### WHAT THE TASK REQUIRES
Set the data down exactly as it stands, and keep its pictures out.

==== DATA BLOCK

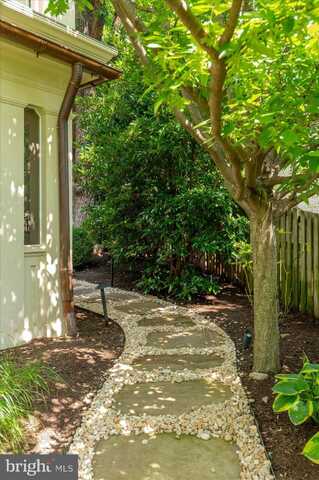 1801 N HARTFORD STREET N, ARLINGTON, VA 22201
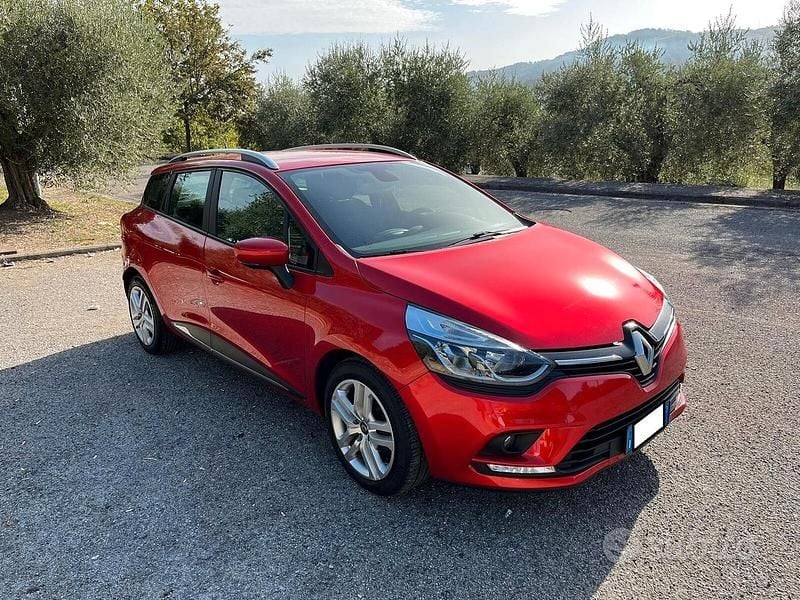 Usata Renault Clio GrandTour Business 75 CV (55 kW) 2019 Rosso Station wagon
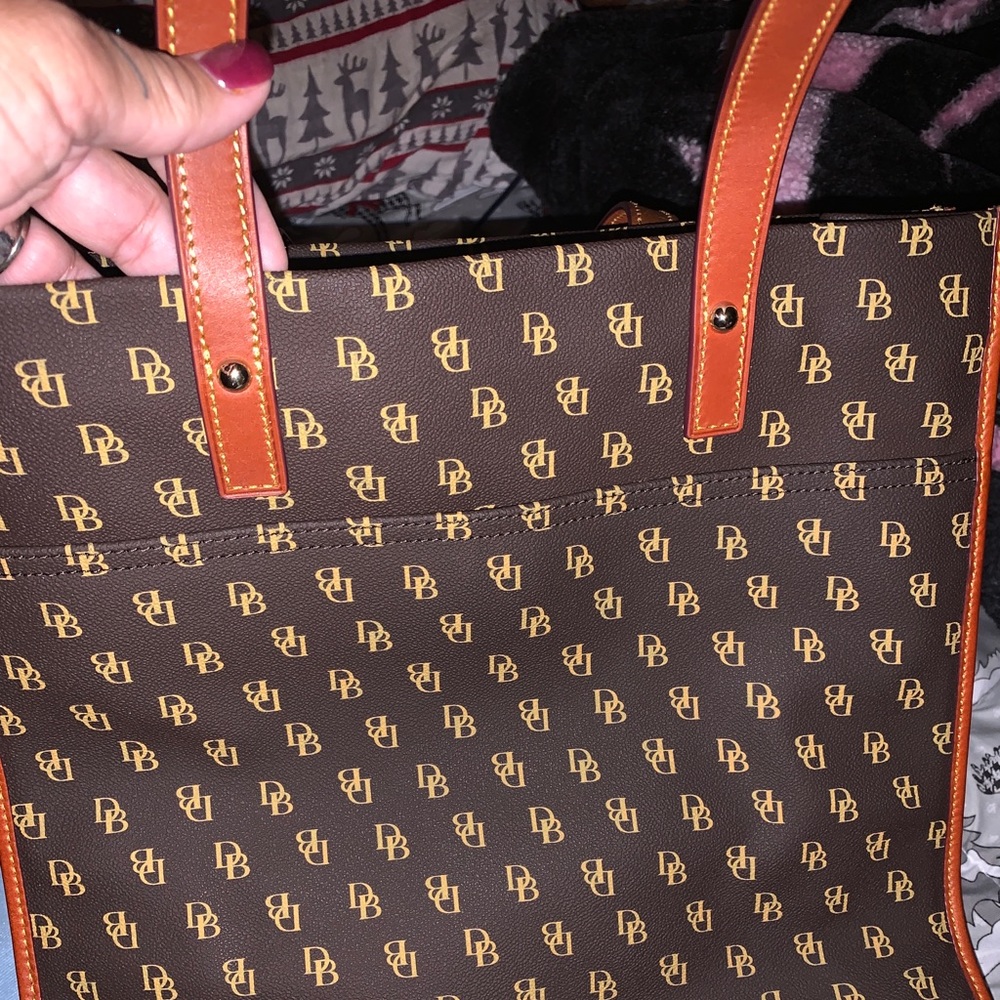 D&B purse. Used twice. 100$ or best offer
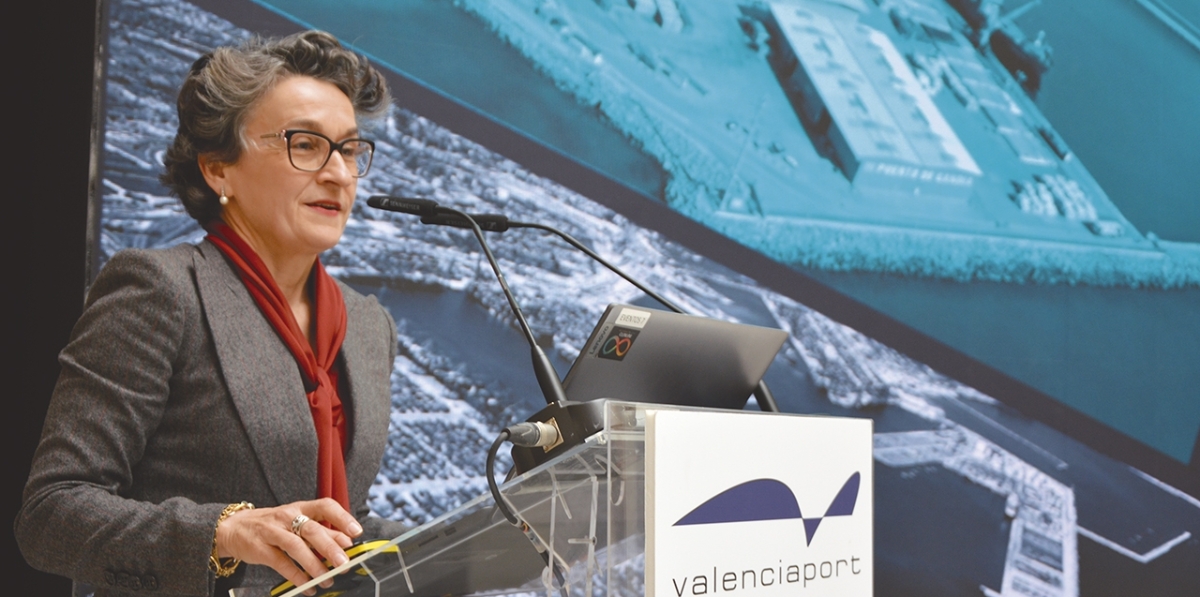 Mar Chao, presidenta de la Autoridad Portuaria de Valencia, durante la presentación del Plan Net Zero Emissions de Valenciaport. Foto J.C.P.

========

### OUTPUT FOR THIS EXERCISE
 1801 N HARTFORD STREET N, ARLINGTON, VA 22201
 Usata Renault Clio GrandTour Business 75 CV (55 kW) 2019 Rosso Station wagon
 D&B purse. Used twice. 100$ or best offer
 Mar Chao, presidenta de la Autoridad Portuaria de Valencia, durante la presentación del Plan Net Zero Emissions de Valenciaport. Foto J.C.P.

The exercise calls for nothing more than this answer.